**TASK TO CARRY OUT:** Make a verbatim copy of the entries below; pictures stay out.

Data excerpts
- - - - -

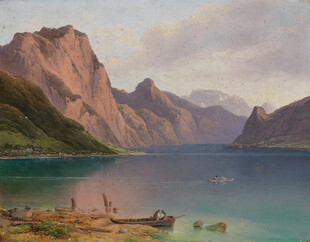 湖畔山景油画风光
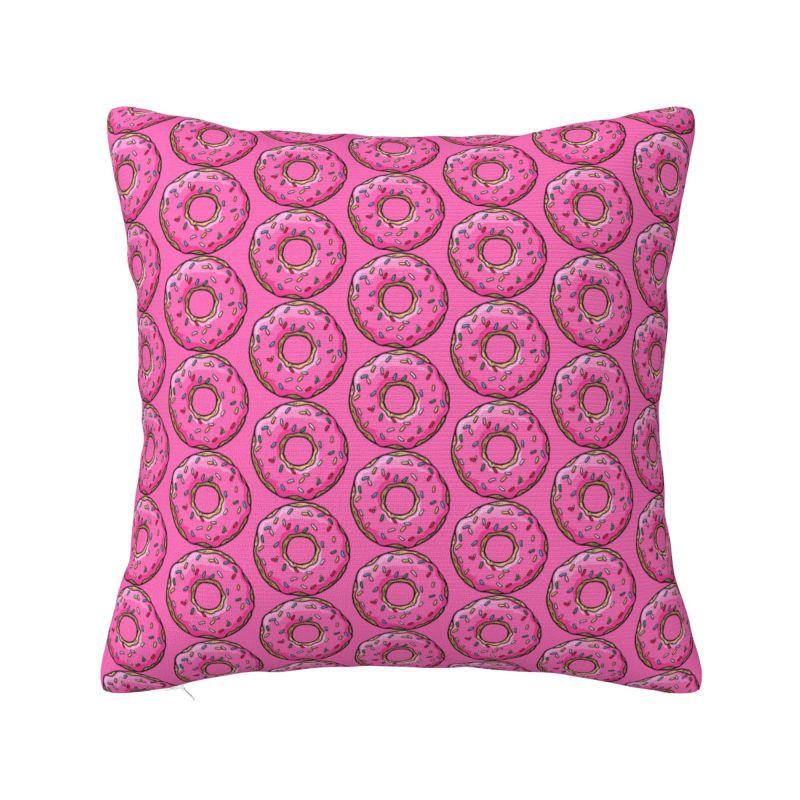 Custom Pink Donut Pillow Case Decor Home Food Bread Doughnut Nordic Cushion Cover Square Pillowcase 30x30cm 12x12in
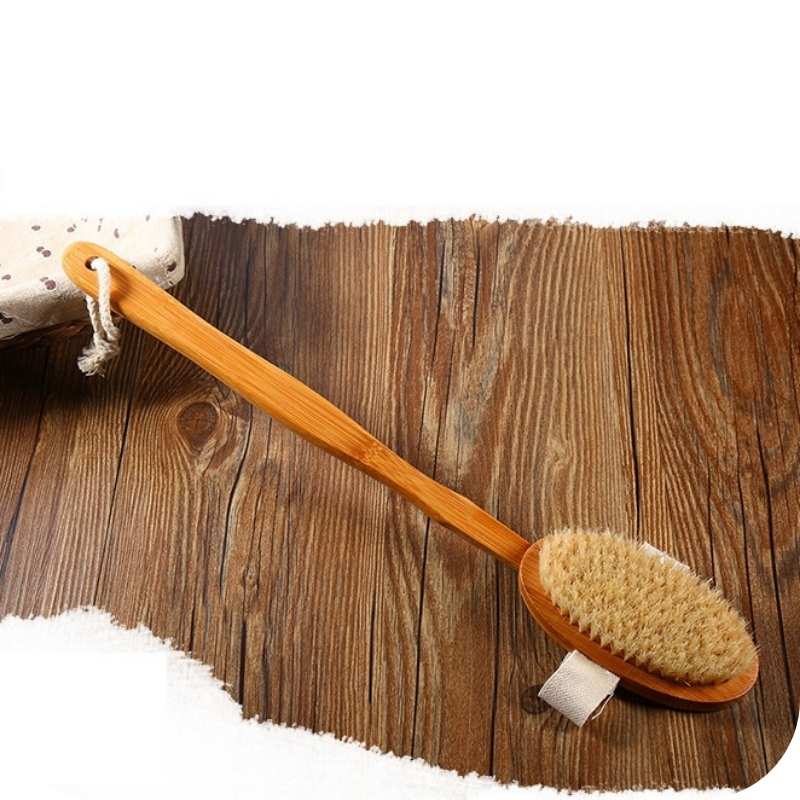 Close-up view of the Bamboo Removable Bath Brush—highlighting premium craftsmanship, eco-friendly materials, and gentle exfoliating bristles for a refreshing bath experience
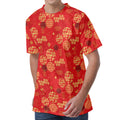 Red Japanese Pattern Print Men's Velvet T-Shirt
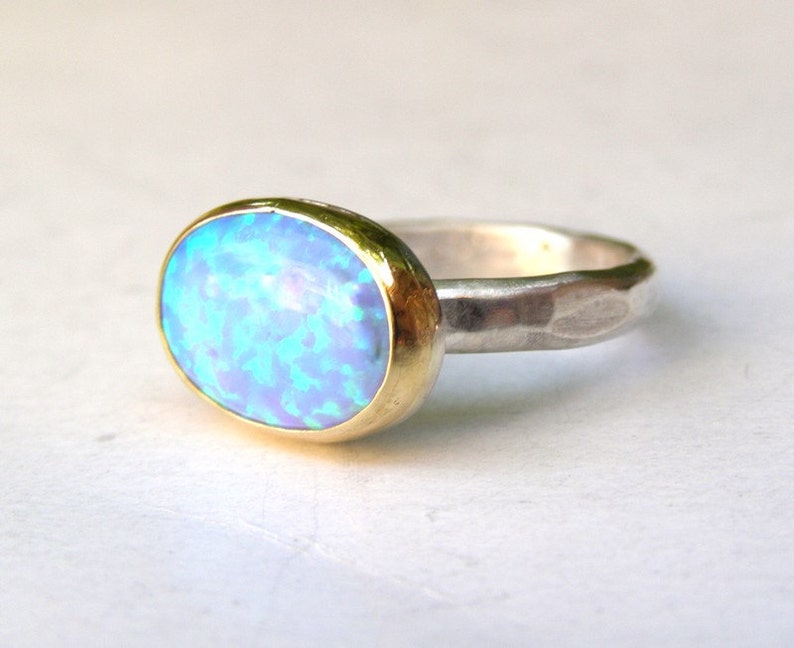 Blue opal ring, Solitaire ring, Statement silver sterling and gold ring, statement ring, Oval ring ,Birthday gift, Mom gift, October stone, image 4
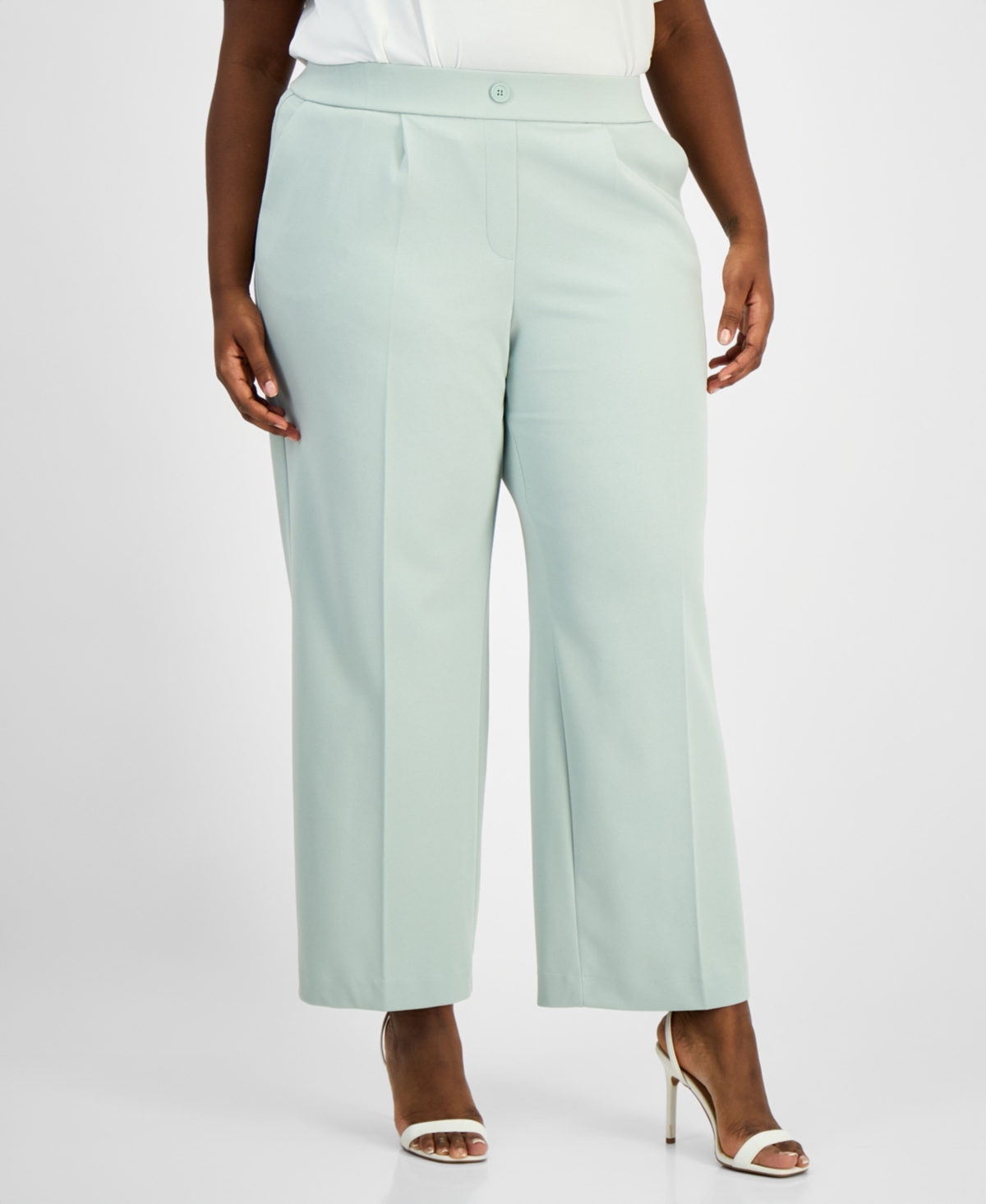 Anne Klein Essentials Plus Size High Rise Pull-On Pants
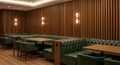 Dining area with elegant design features green tufted leather booths and matchin Royalty Free Stock Photo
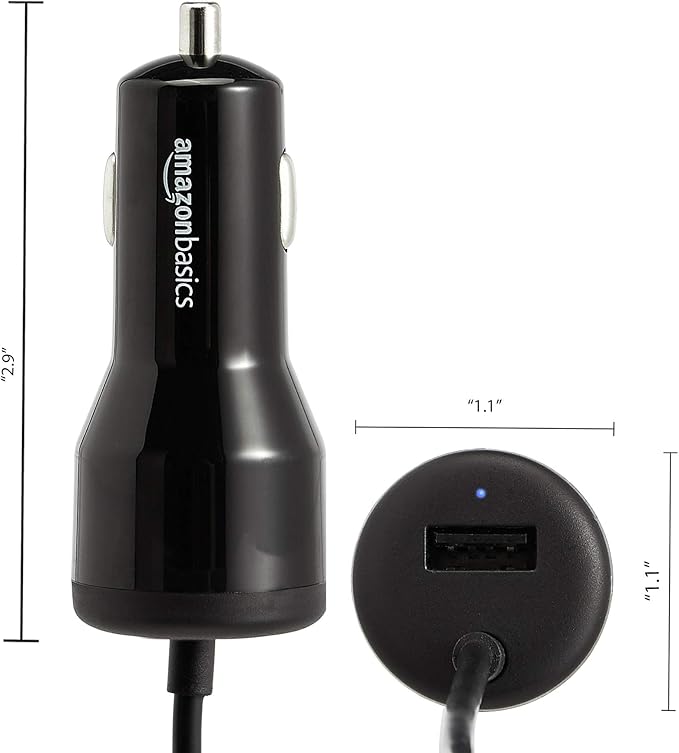 Amazon Basics 30W Fast Car Charger, 1 USB-C (18W) Cable with PD, 1 USB-A (12W) Port, Apple MFi Certified, for Phones (iPhone 16/15/14/13/12/11/X, Samsung, and more), Black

- - - - -

**SOLVED PROBLEM:**
 湖畔山景油画风光
 Custom Pink Donut Pillow Case Decor Home Food Bread Doughnut Nordic Cushion Cover Square Pillowcase 30x30cm 12x12in
 Close-up view of the Bamboo Removable Bath Brush—highlighting premium craftsmanship, eco-friendly materials, and gentle exfoliating bristles for a refreshing bath experience
 Red Japanese Pattern Print Men's Velvet T-Shirt
 Blue opal ring, Solitaire ring, Statement silver sterling and gold ring, statement ring, Oval ring ,Birthday gift, Mom gift, October stone, image 4
 Anne Klein Essentials Plus Size High Rise Pull-On Pants
 Dining area with elegant design features green tufted leather booths and matchin Royalty Free Stock Photo
 Amazon Basics 30W Fast Car Charger, 1 USB-C (18W) Cable with PD, 1 USB-A (12W) Port, Apple MFi Certified, for Phones (iPhone 16/15/14/13/12/11/X, Samsung, and more), Black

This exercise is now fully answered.